Disso aqui ninguém sabia, mas os argumentos eram tão poderosos e coerentes que não puderam questionar. Afinal, só o ser humano pode mentir, uma máquina não (esqueciam que a voz, apesar de metálica e impessoal deveria ser provavelmente de alguma pessoa, não sei se do além ou do aquém, se era voz de morto ou de vivo, mas que era voz, era voz, certamente)
As verdades iam sendo vertidas pela altisonante caixa de som. Enquanto isto, desmascarados, uns fugiam, os outros os perseguiam, sendo que boa parte fugia e perseguia ao mesmo tempo. Nesta hora, ninguém era de ninguém. Alguns aproveitadores não deixaram escapar a oportunidade. Alguns aproveitavam para furtar, outros para depredar, outros ainda para pegar as mulheres traídas ou as mulheres que traiam, todas essas fáceis nessa hora.
Por fim, assim como veio, a maldita máquina partiu. Entre mortos e feridos todos sobrevivam, mas não sobreviveu ninguém.
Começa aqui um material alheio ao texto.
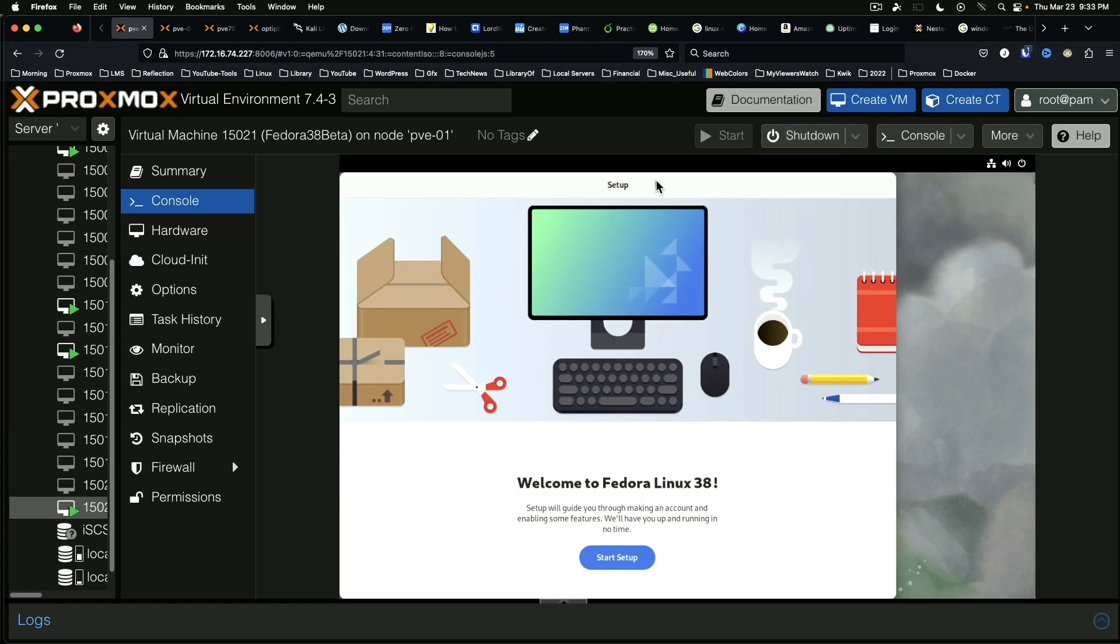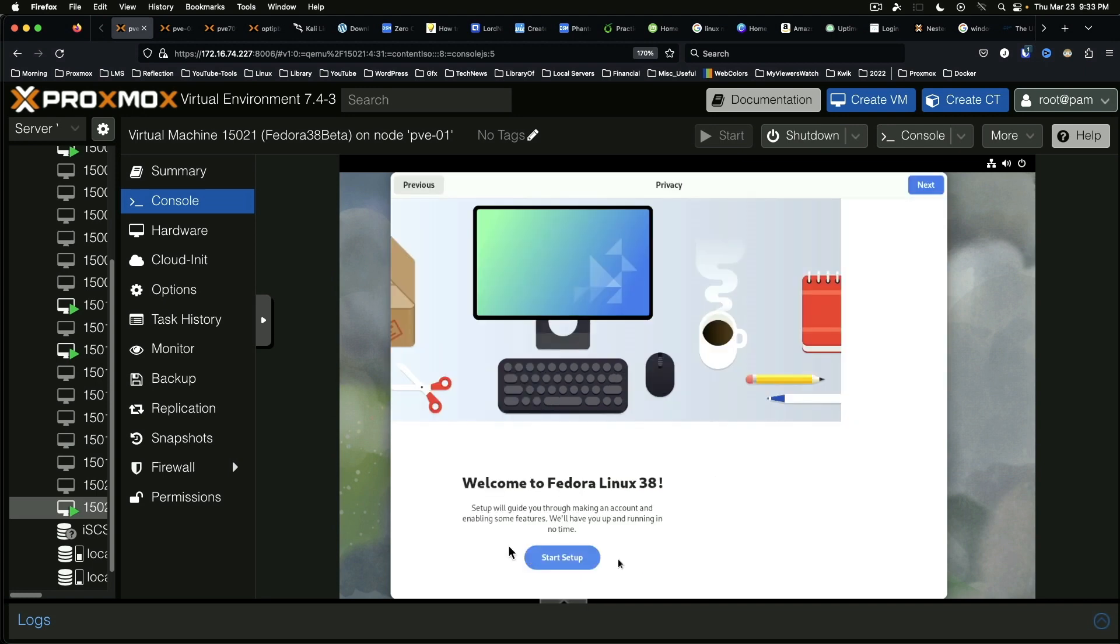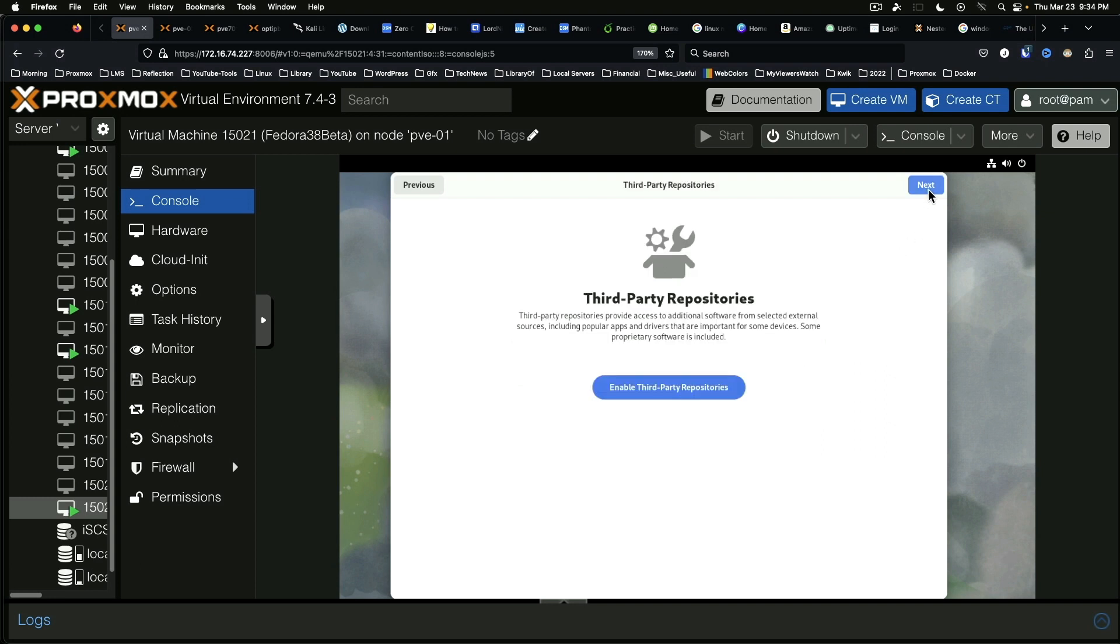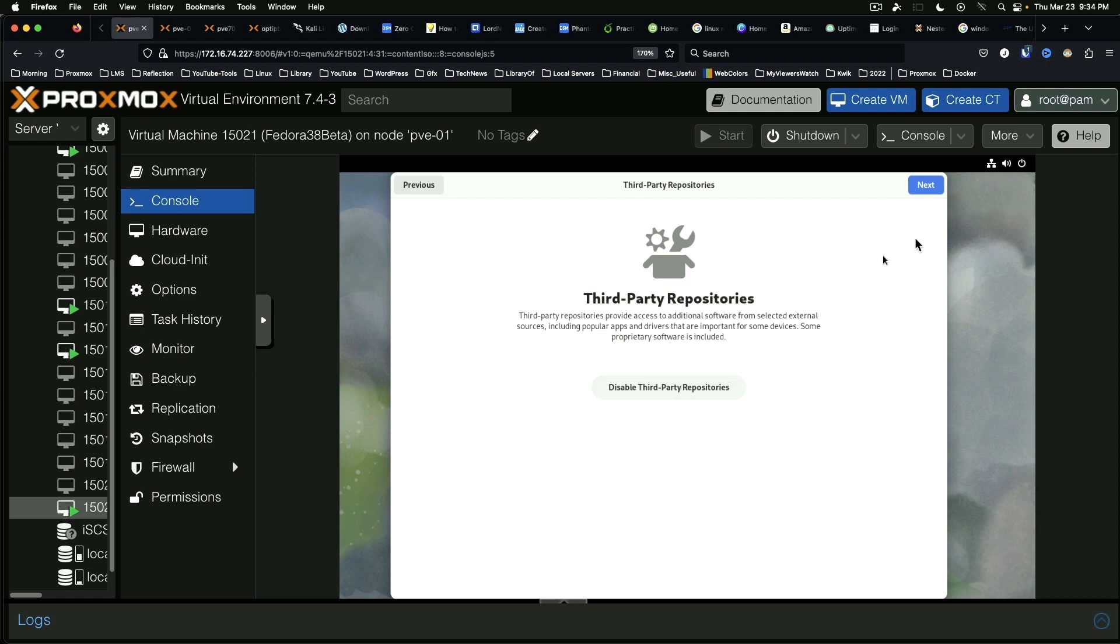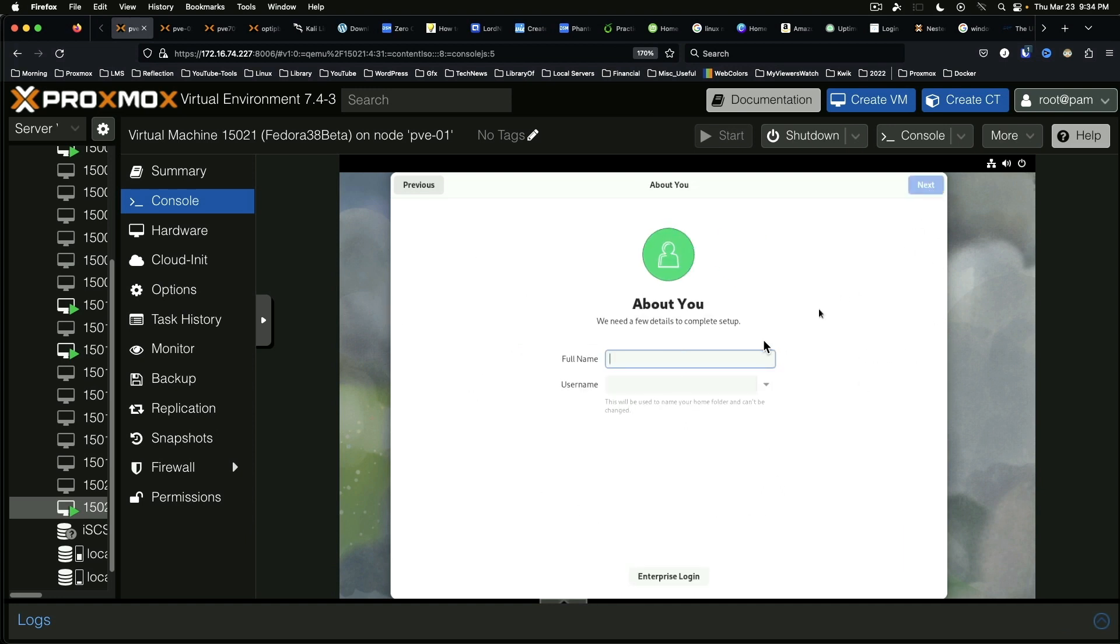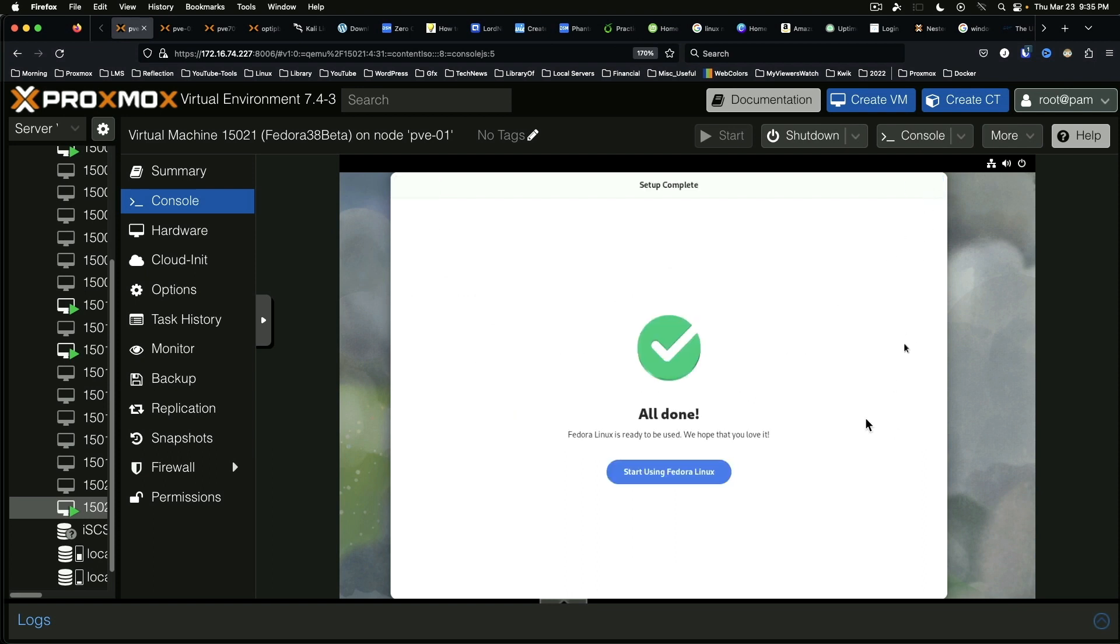All right. So this is sort of the stage two of the setup process. Start setup. Location services. No, I'm turning that off. Automatic problem reporting. Nope. Not for a VM. Next. Enable third-party repositories. You can skip this. But keep in mind that it has popular apps and drivers and some proprietary software. So yes, I want to enable third-party repositories. And we're going to skip this for the time being. And if you were to use the Enterprise login option down here, this is going to give you the option to connect with Active Directory or similar service.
A cidade, alterada para sempre, nunca mais foi a mesma. Uns tinham saudades dos velhos tempo, aqueles tempos de antes da máquina, como diziam a boca miúdas nas esquinas e becos mais sombrios. Outros achavam que agora, diante do império da verdade que se estabelecera, apesar das mágoas e feridas que só as verdades produzem tão profundas, era tudo melhor. Pelo menos se sabia em que tipo de lama se poderia assentar o pé antes de seguir seu caminho. Ainda havia uma parte que não sabia se ficara melhor ou pior depois que a caixa de som da verdade pousara e partira misteriosamente da praça daquela não tão pacata cidade.